[help] Straight forward standardized shorthand to decode HTML entities #3560

forthrin · 2025-09-16T06:32:58Z

forthrin
Sep 16, 2025

Please show your code!

CGI.unescapeHTML('R&oslash;de')
"R&oslash;de" # Fails

HTMLEntities.new.decode('R&oslash;de')
"Røde" # Works, but requires an extra library not used otherwise

Nokogiri.HTML5('R&oslash;de').text
"Røde" # Works, but must go via full DOM document

Nokolexbor.HTML('R&oslash;de').at('html').text
"Røde" # Works, but must go via full DOM document (and look up html/body tag, a difference from Nokogiri)

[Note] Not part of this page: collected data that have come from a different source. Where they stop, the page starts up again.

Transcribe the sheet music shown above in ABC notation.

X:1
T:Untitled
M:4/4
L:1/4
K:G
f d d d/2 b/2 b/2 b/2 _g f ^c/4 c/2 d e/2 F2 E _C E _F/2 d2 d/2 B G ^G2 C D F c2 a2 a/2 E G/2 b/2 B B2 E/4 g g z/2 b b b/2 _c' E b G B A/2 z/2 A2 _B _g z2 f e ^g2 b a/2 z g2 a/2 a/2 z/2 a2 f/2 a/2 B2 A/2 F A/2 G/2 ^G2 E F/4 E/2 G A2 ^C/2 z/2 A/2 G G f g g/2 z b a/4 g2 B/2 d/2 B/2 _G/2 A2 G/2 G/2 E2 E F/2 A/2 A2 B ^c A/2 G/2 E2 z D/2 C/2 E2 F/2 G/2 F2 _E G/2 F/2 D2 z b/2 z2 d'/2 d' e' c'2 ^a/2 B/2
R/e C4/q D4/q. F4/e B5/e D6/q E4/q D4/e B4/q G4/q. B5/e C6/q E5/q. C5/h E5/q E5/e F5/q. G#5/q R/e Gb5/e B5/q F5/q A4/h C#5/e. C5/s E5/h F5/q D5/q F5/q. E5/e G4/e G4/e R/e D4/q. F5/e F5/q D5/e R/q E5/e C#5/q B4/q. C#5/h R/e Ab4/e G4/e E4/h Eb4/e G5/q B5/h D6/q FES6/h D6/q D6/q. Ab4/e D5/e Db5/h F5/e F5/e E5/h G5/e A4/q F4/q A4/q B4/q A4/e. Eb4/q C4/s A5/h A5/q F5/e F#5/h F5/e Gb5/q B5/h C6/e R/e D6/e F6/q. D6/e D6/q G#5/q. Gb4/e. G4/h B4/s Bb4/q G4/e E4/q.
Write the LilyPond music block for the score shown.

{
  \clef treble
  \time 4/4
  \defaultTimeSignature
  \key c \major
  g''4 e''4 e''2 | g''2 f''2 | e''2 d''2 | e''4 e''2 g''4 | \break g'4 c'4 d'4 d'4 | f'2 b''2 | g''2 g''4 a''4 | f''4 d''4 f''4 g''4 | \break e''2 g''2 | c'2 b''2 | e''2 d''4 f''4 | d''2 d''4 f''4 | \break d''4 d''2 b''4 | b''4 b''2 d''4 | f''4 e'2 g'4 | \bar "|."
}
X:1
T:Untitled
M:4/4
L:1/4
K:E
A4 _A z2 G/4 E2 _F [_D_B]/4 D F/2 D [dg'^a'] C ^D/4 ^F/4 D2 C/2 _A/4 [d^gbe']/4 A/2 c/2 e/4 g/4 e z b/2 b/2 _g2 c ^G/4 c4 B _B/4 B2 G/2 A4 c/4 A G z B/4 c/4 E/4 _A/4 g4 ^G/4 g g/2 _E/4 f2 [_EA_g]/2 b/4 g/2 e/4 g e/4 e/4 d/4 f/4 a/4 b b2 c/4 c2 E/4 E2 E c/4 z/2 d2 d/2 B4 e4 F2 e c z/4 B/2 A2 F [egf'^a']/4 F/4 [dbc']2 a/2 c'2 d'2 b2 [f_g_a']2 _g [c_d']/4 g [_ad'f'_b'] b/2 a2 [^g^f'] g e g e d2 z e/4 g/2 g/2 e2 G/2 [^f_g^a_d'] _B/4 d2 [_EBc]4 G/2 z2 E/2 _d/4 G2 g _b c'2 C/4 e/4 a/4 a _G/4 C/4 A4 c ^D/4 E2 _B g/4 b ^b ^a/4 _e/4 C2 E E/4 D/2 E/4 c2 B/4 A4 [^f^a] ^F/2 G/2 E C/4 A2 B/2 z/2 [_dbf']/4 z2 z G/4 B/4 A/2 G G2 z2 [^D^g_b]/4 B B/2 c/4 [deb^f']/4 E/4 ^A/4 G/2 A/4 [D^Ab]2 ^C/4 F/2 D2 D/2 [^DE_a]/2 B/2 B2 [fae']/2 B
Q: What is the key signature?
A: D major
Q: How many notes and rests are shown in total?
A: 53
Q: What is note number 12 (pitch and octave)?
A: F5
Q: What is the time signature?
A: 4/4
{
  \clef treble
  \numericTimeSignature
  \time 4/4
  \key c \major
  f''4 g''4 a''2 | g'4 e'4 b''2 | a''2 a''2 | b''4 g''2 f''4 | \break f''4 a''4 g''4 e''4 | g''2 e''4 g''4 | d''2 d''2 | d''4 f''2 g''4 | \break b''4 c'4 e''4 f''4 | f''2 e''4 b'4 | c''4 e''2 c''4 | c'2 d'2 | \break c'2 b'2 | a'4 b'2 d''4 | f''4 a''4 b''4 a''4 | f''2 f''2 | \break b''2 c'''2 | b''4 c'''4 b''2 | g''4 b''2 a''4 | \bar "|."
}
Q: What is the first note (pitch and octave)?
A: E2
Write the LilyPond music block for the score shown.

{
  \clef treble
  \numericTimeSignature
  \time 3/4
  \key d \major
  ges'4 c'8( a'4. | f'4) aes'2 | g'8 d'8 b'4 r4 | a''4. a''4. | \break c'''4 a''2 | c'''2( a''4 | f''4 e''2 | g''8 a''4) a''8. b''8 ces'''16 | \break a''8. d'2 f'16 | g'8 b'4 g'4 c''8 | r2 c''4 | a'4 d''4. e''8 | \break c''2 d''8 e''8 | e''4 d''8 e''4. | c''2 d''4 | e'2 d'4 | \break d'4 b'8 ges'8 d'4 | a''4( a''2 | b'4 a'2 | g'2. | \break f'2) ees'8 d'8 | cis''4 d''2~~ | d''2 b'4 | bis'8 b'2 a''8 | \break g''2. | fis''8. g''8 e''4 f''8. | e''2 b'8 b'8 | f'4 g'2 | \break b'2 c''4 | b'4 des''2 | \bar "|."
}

What would be an ideal official convenience shorthand in Nokogiri, save everyone making their own refinement?

Environment

ruby 2025-08-01 30a20bc16
rubocop 2025-09-06 402f0cfcf
System Version: macOS 15.6 (24G84)
Model Identifier: MacBookAir10,1

stevecheckoway · 2025-09-24T14:36:41Z

stevecheckoway
Sep 24, 2025
Maintainer

Hi @forthrin,

Nokogiri's HTML5 parser does have a function which is designed to identify HTML entities (or character references as the HTML standard calls them) and returns what they map to but on its own, that's not sufficient to get what you want. Some of the tricky bits of doing this that come to mind

Entities are handled differently depending on if they're in an attribute or not;
Entities can be erroneous and not expand into anything other than themselves (e.g., &#z) others can be erroneous and still expand to the expected text (e.g., &#x80 (missing a semicolon) expands to U+20AC (€));
Entities can be syntactically correct but still lead to errors like

Nokogiri's HTML5 parser deals with this by implementing the HTML tokenization which handles all of that. Adding what you're asking here would amount to reimplementing a portion of the tokenizer specifically to handle entities.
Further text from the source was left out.